The data —

-*-*-

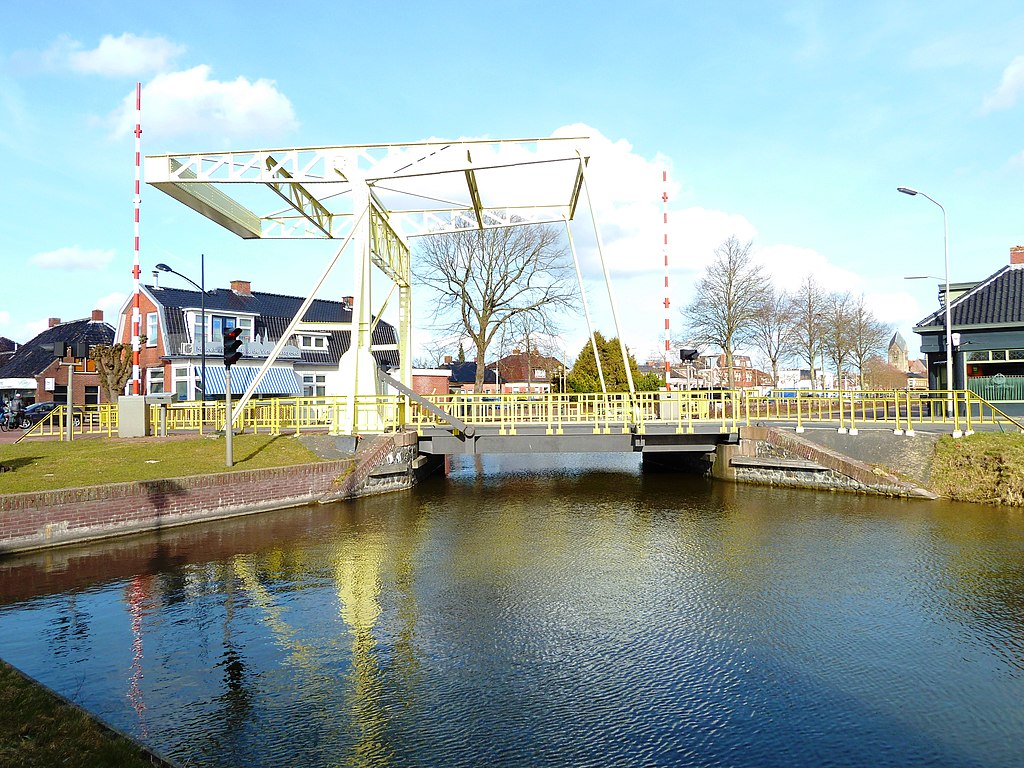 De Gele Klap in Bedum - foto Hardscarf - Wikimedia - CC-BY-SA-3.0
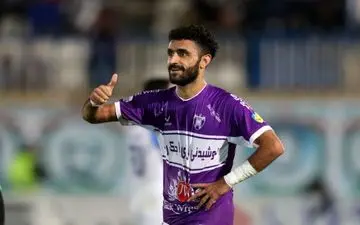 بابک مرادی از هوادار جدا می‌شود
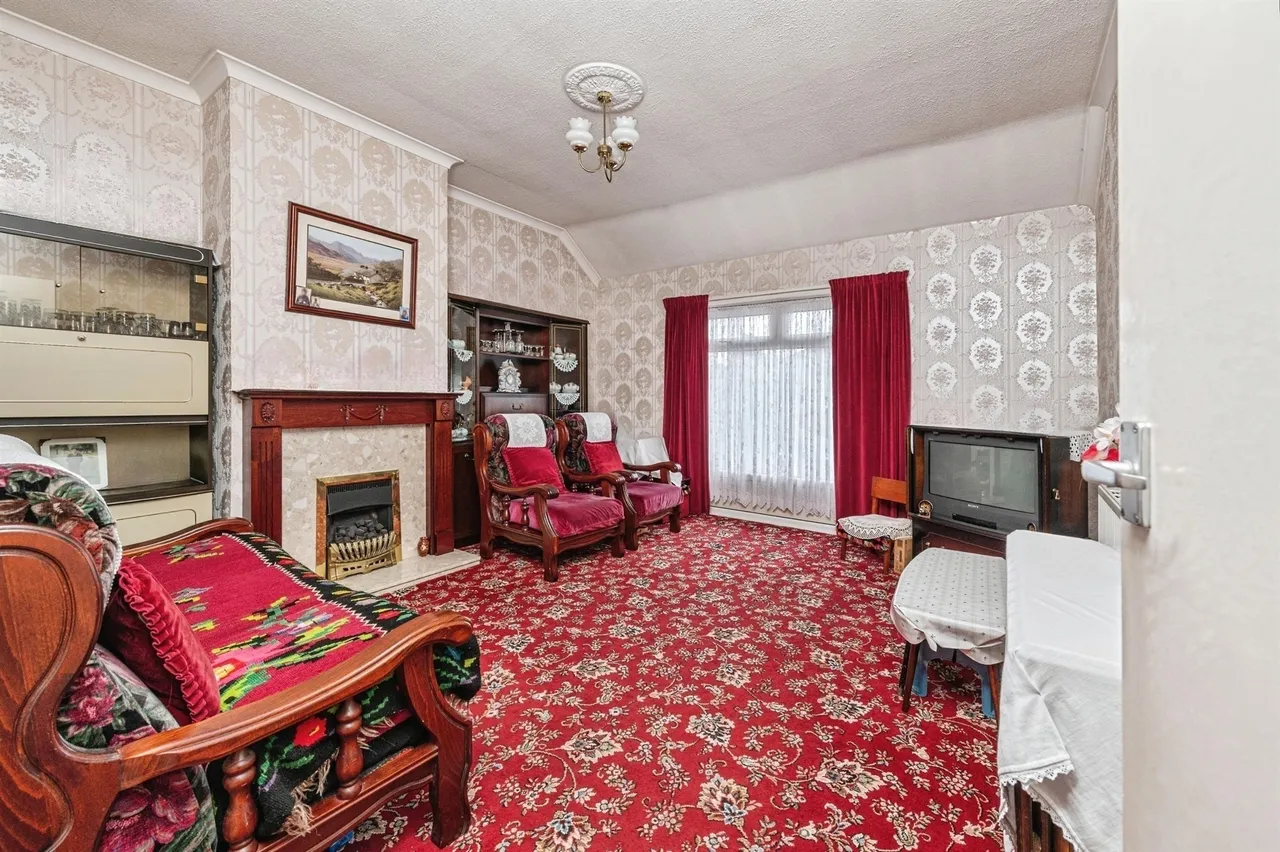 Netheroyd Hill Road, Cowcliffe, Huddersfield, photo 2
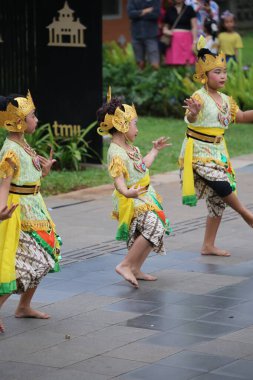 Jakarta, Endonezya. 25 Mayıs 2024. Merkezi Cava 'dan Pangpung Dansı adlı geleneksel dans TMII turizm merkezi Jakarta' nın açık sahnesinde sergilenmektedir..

-*-*-

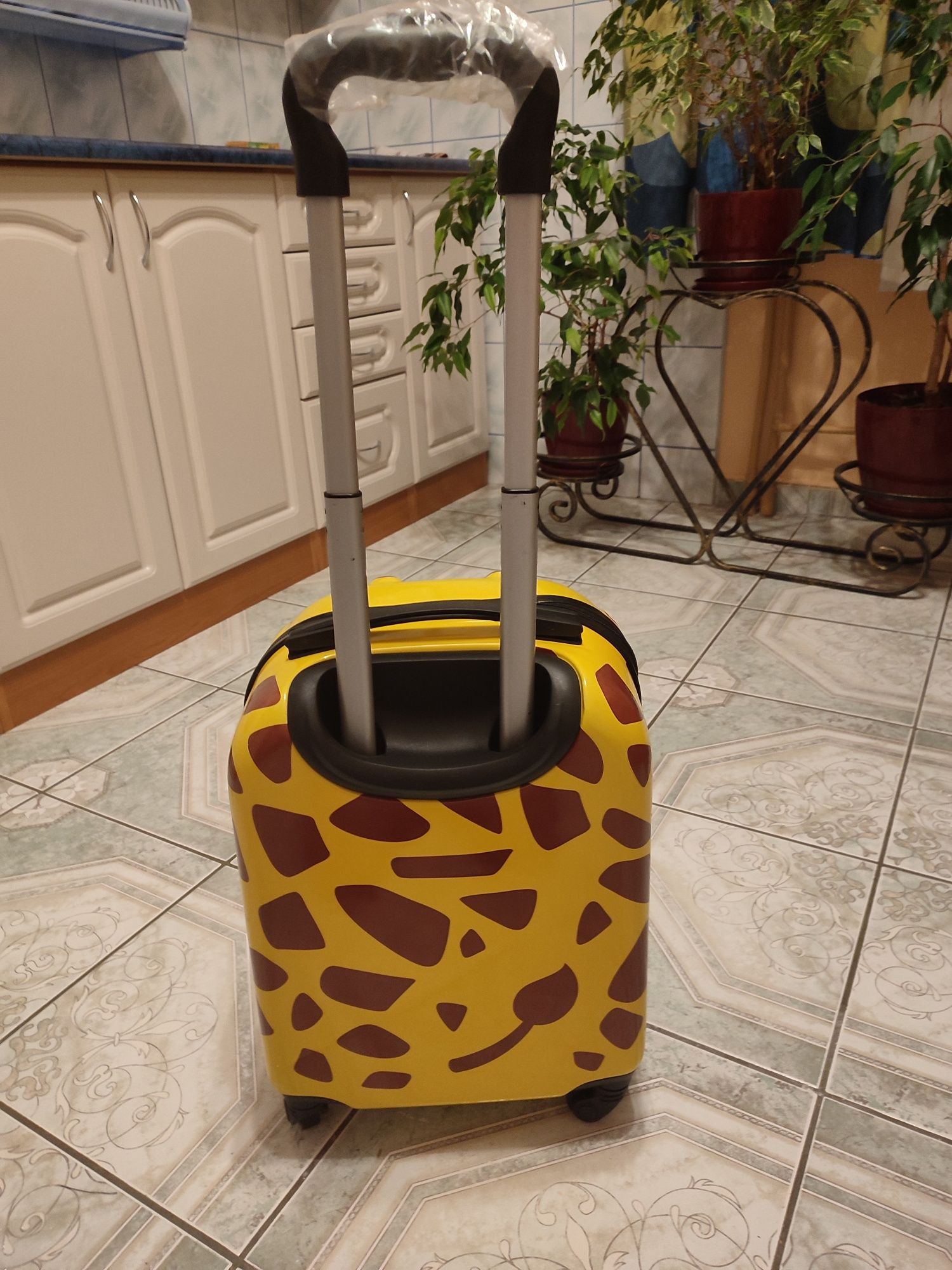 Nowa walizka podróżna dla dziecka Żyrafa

-*-*-

Exercise prompt —
In the listing above, find the line with "بابک مرادی از هوادار جدا می‌شود" and output every line through the one with "Jakarta, Endonezya. 25", exactly, without the pictures.

Result below —
 بابک مرادی از هوادار جدا می‌شود
 Netheroyd Hill Road, Cowcliffe, Huddersfield, photo 2
 Jakarta, Endonezya. 25 Mayıs 2024. Merkezi Cava 'dan Pangpung Dansı adlı geleneksel dans TMII turizm merkezi Jakarta' nın açık sahnesinde sergilenmektedir..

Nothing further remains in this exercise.